# Finding the height and base of an isosceles triangle whose equal sides are given.

Let the given side be $5$;

My approach to solving this is:

let $\phi$ be the angle formed by the side and height of the triangle, and $θ$ be the angle between the base and side.

then,

$$2θ + 2\phi = 180$$

or,

$$\sin^{−1}(h/5) + \sin^{−1}\Big(\frac{b/2}{h}\Big) = \sin^{−1}(1)$$

or,

$$h/5 + b/2h = 1$$

or,

$$2h^2 + 5b = 10h \hspace{1cm} \text{---- eqn (1)}$$

Using Pythagorean theorem:

$$h^2 + (b/2)^2 = 5^2 \hspace{1cm} \text{---- eqn (2)}$$

Now, solving these two equations and getting h and b doesn't seem good. So how should I find out the $h$ and $b$ when I am given with one side of the isosceles triangle?
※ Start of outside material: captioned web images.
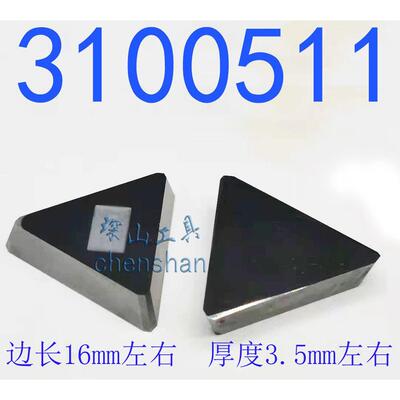 硬质合金机夹小三角刀片钨钢铣刀头3100511 YT15YG8YW1 YT14 YW2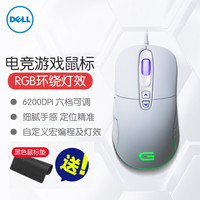 戴尔（DELL） 戴记严选 电竞游戏鼠标 笔记本台式电脑鼠标 RGB发光灯效 MS3022D 有线 6200DPI六档可调 白色
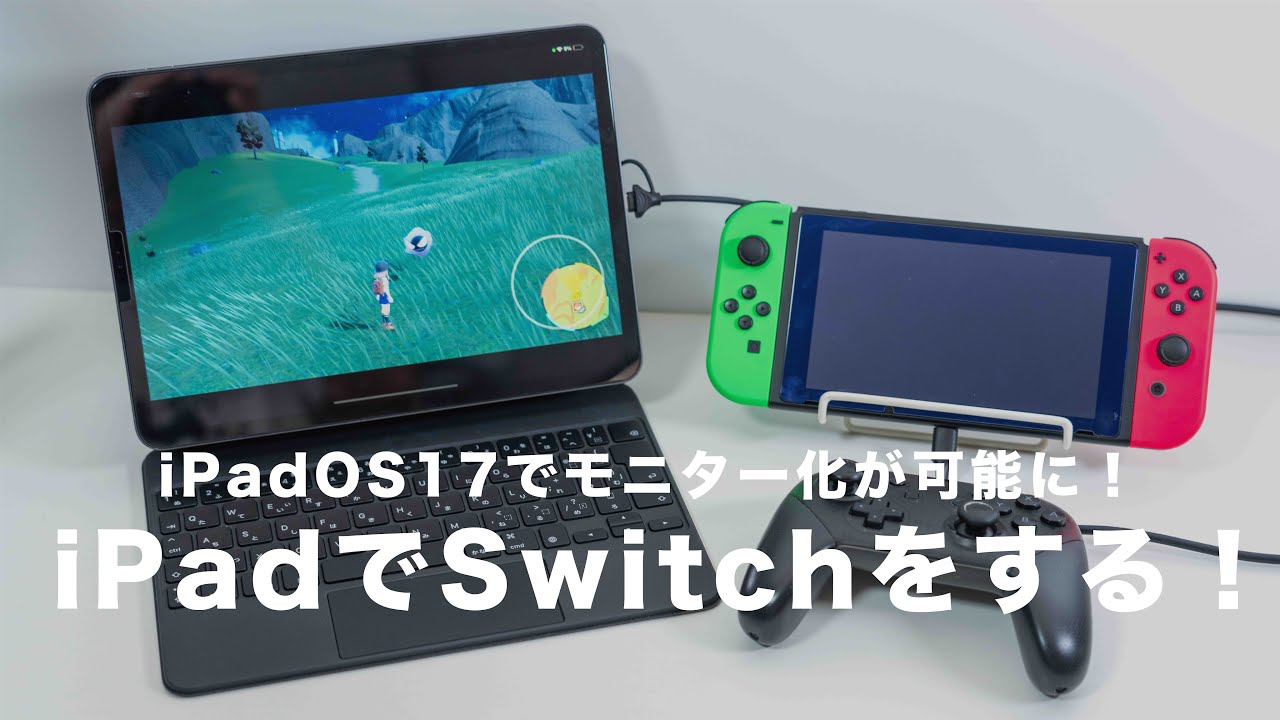 iPadをSwitchのモニター化に成功｜iPadOS17でUVC対応｜ドックなし外部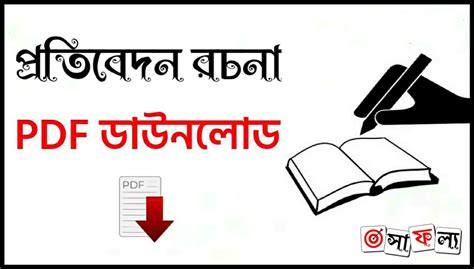 Bengali Report Writing PDF for Clerkship | WBCS | ICDS | Miscellaneous ...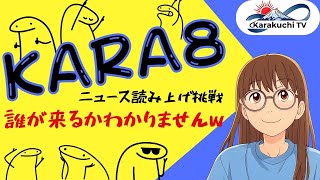 KARA8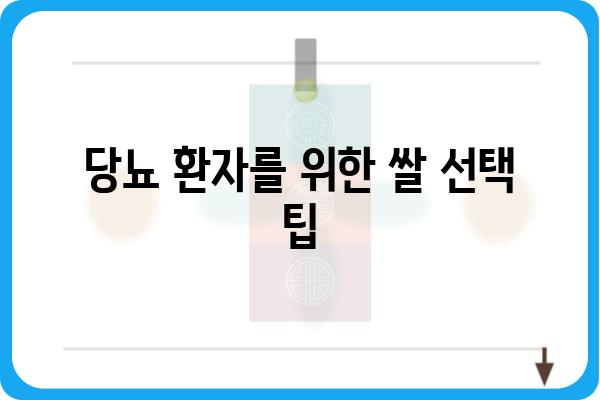 당뇨병 환자를 위한 혈당 관리 쌀 선택 가이드 | 당뇨, 혈당, 쌀 종류, 건강 식단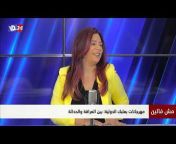Voice Of Lebanon 100.5 FM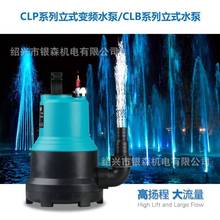 潜水泵CLB-4500/5500/6500/8000/12000/15000假山池塘潜水泵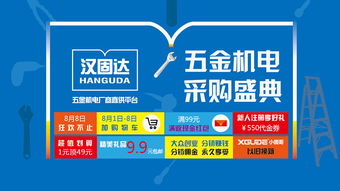 營造節(jié)日營銷氛圍 F2C領域O2O產業(yè)的突圍之道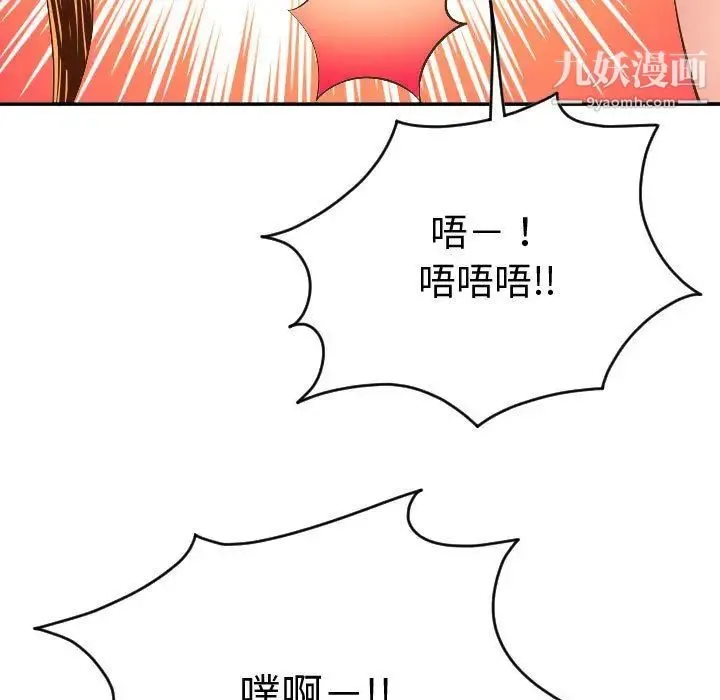 与学姐的那些事 第8话 第138页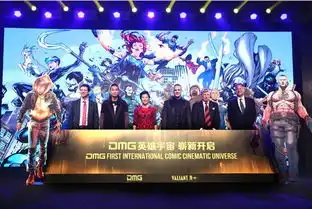 中国人自己的超级英雄dmg将推出多部超级英雄大片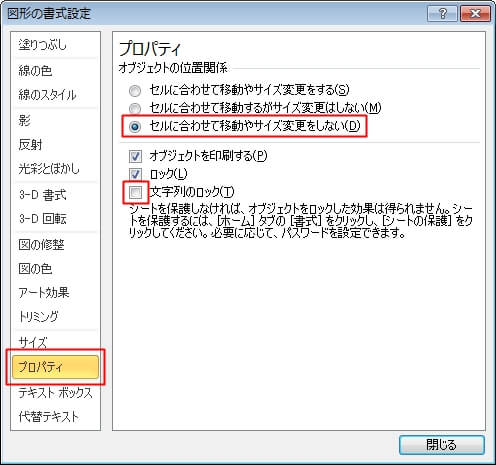 図形などのオブジェクトをマウスで移動できないように固定する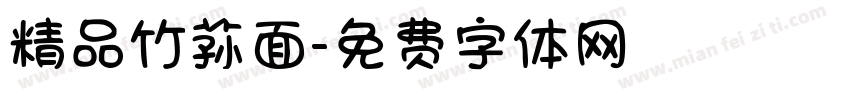 精品竹荪面字体转换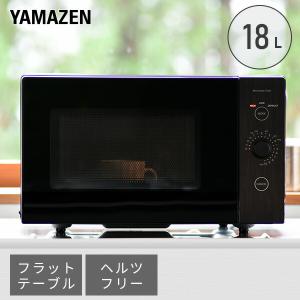 電子レンジ 単機能 フラット 18L 山善 一...の詳細画像1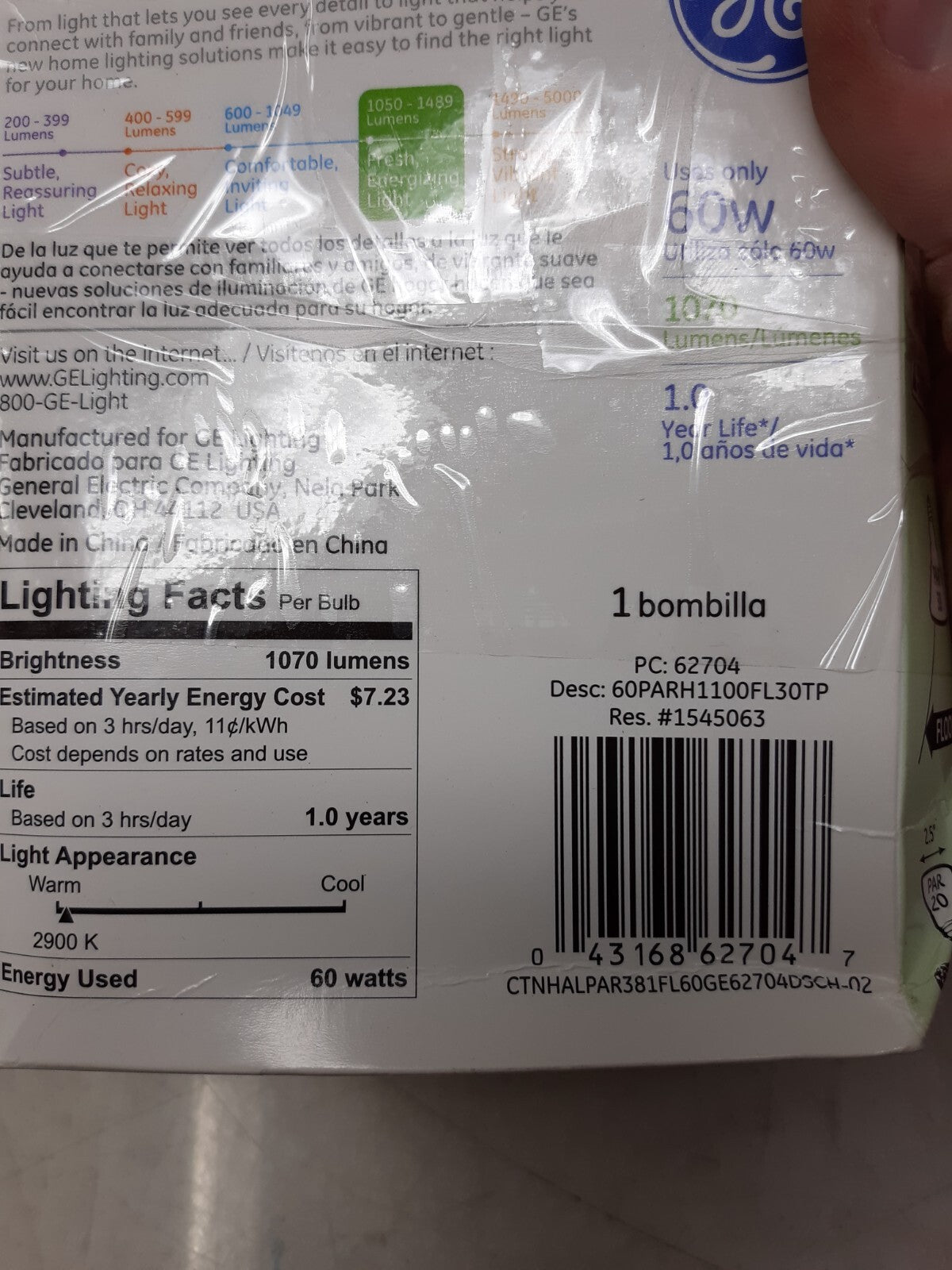 GE Energy Efficient Par38 75W =60W 1070 Lumens, Indoor & Outdoor.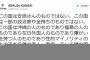 【反社会】SEALDs｢この国は安倍さんのものではない｡沖縄福島人のものであり  ““在日外国人のもの””  である｣  ［H27/8/1］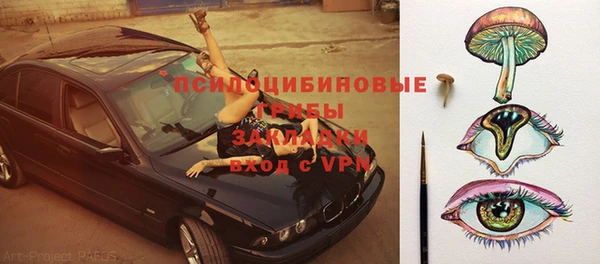 метадон Абдулино
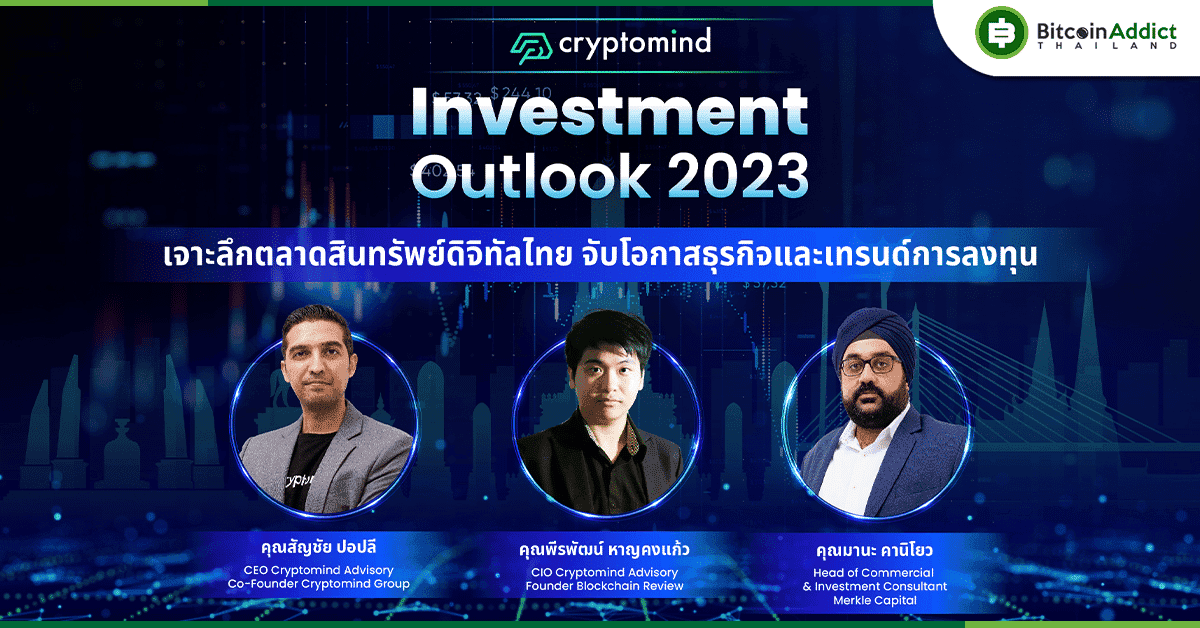 “Cryptomind Investment Outlook 2023” เจาะลึกตลาดสินทรัพย์ดิจิทัลไทย จับโอกาสและเทรนด์การลงทุน ท่ามกลางวิกฤตความเชื่อมั่นธนาคาร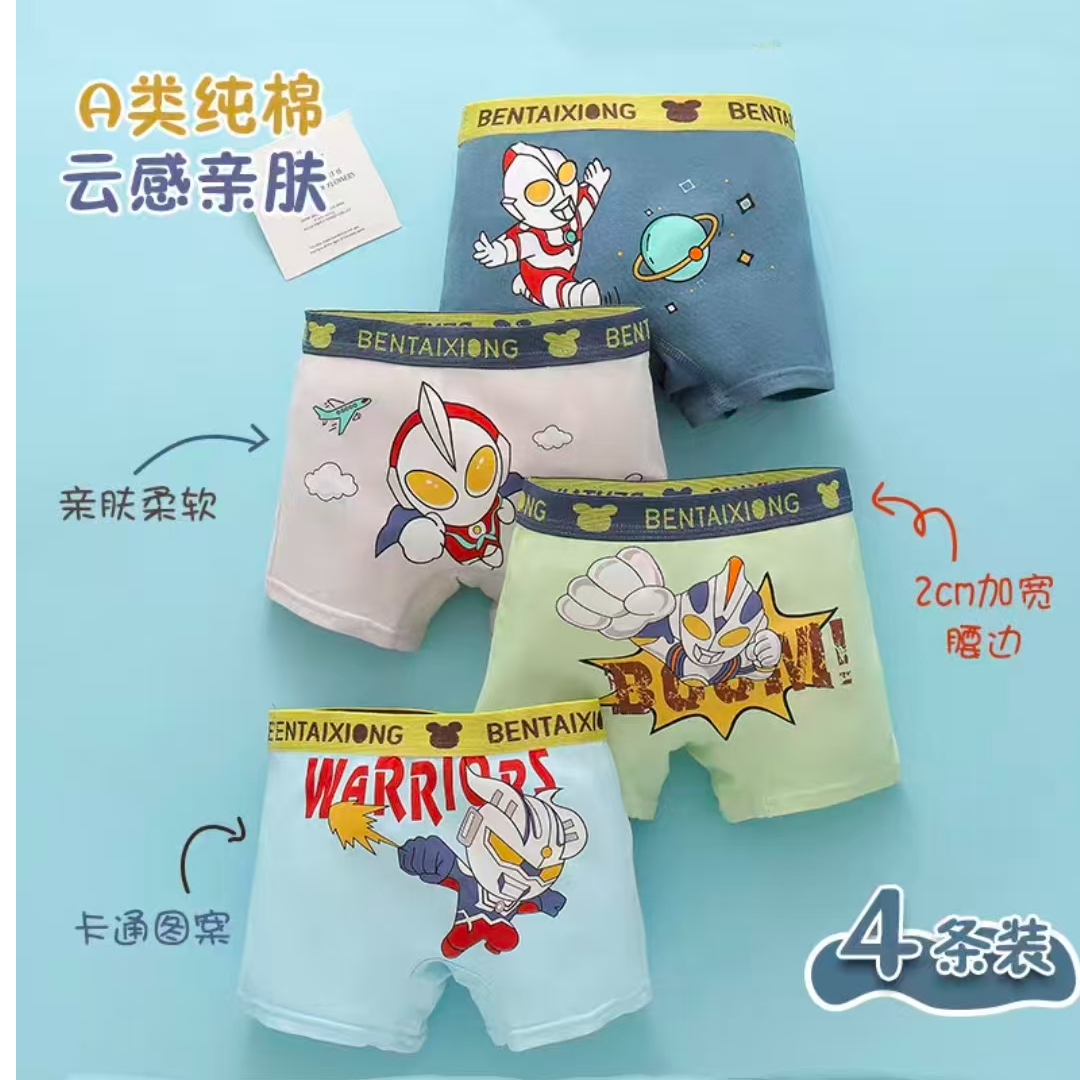 【5号】男童，儿童中大童学生宝宝【奥特曼】卡通印花柔软透气四角裤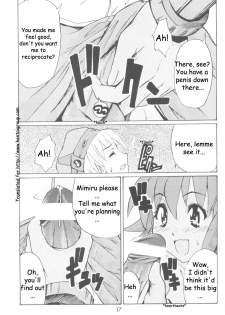 (C63) [type=punishment (Shido Misako)] i@yume.hack/ (.hack//SIGN) [English] [Doujin-World] - page 16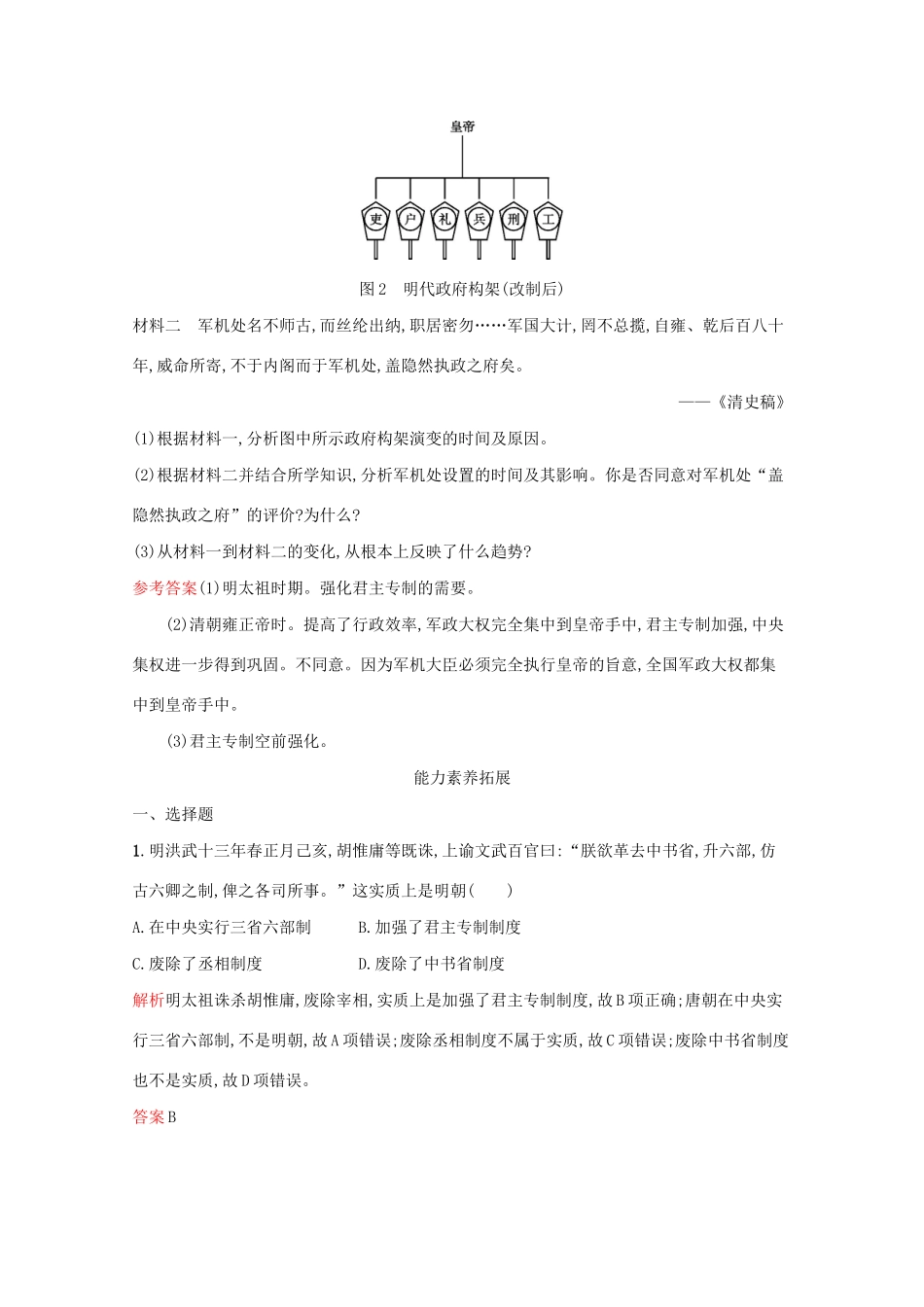 高中历史 专题一 古代中国的政治制度 四 专制时代晚期的政治形态课后篇巩固提升（含解析）人民版必修1-人民版高一必修1历史试题_第3页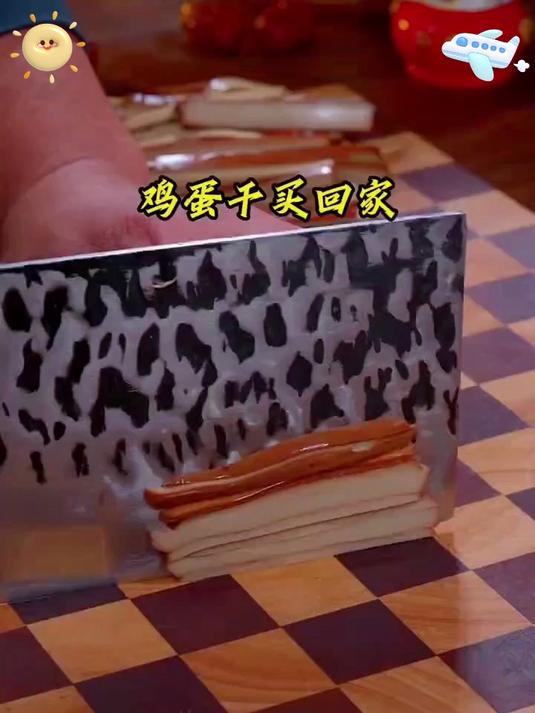 口感鲜嫩,营养丰富,鸡蛋干让你一口接一口
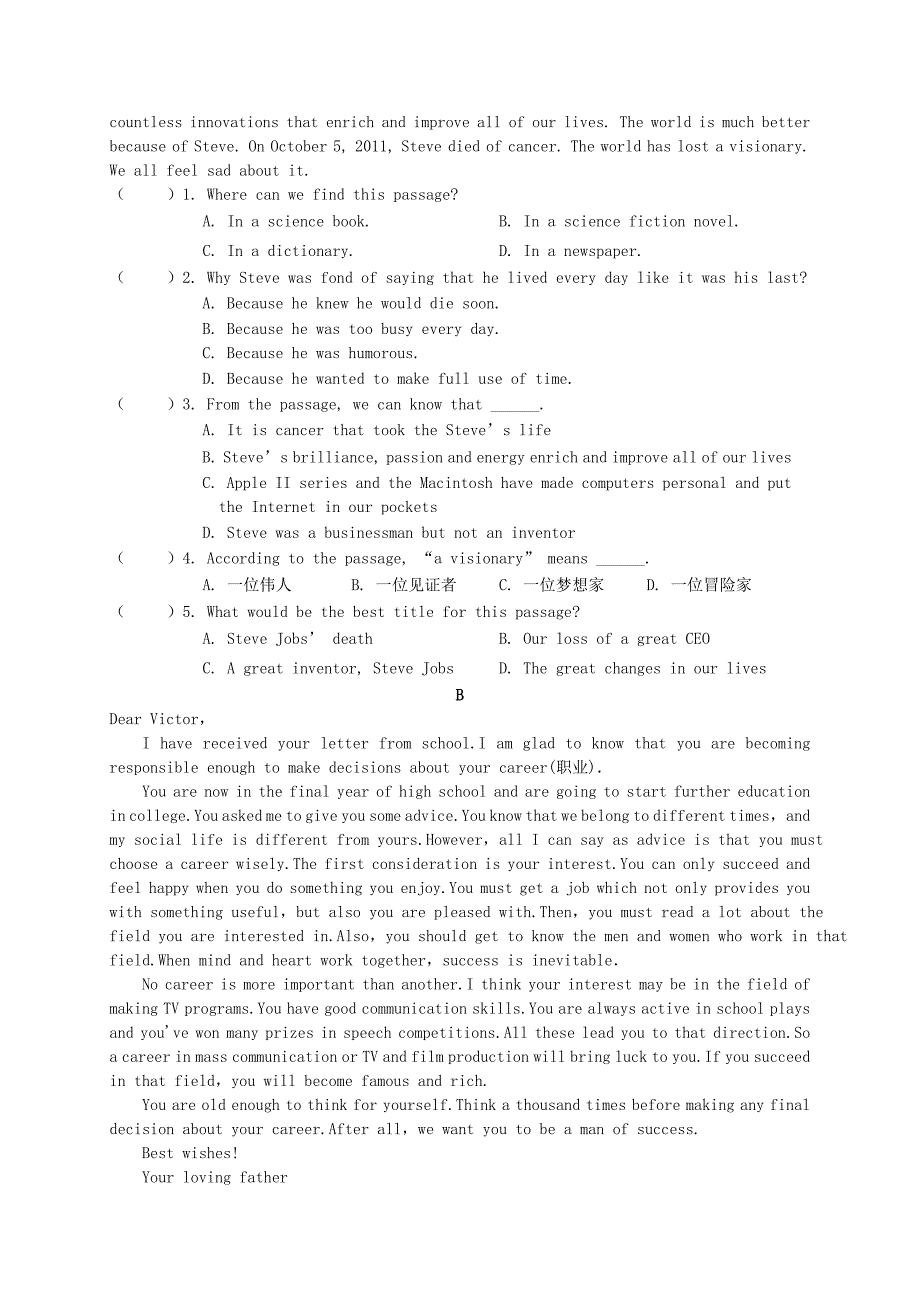 2018春九年级英语全册Unit14IremembermeetingallofyouinGrade7提优测试题新版人教新目标版_第3页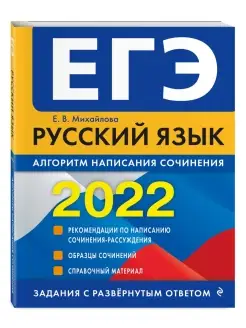 ЕГЭ-2022. Русский язык. Алгоритм написания сочинения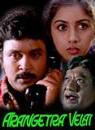 Arangaetra Velai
• No angles given? – QuIcKmAtHs Dec 31 '17 at 4:11
• @XcoderX nope... – Amit Upadhyay Dec 31 '17 at 4:13
• The angle between the 2 equal sides is not determined, it is unsolvable – QuIcKmAtHs Dec 31 '17 at 4:14
• $\sin^{-1}(90)=1$?? What's that? – velut luna Dec 31 '17 at 4:14
• We have to address the problem. It provides insufficient info – QuIcKmAtHs Dec 31 '17 at 4:15

If the side is $c$, pick any length $a$, $0\lt a\lt 2c$ - and you can construct an isosceles triangle with base $a$ and side $c$.
Once the base is fixed, the triangle is uniquely determined up to congruency, and the height corresponding to the base is $h=\sqrt{c^2-\left(\frac{a}{2}\right)^2}$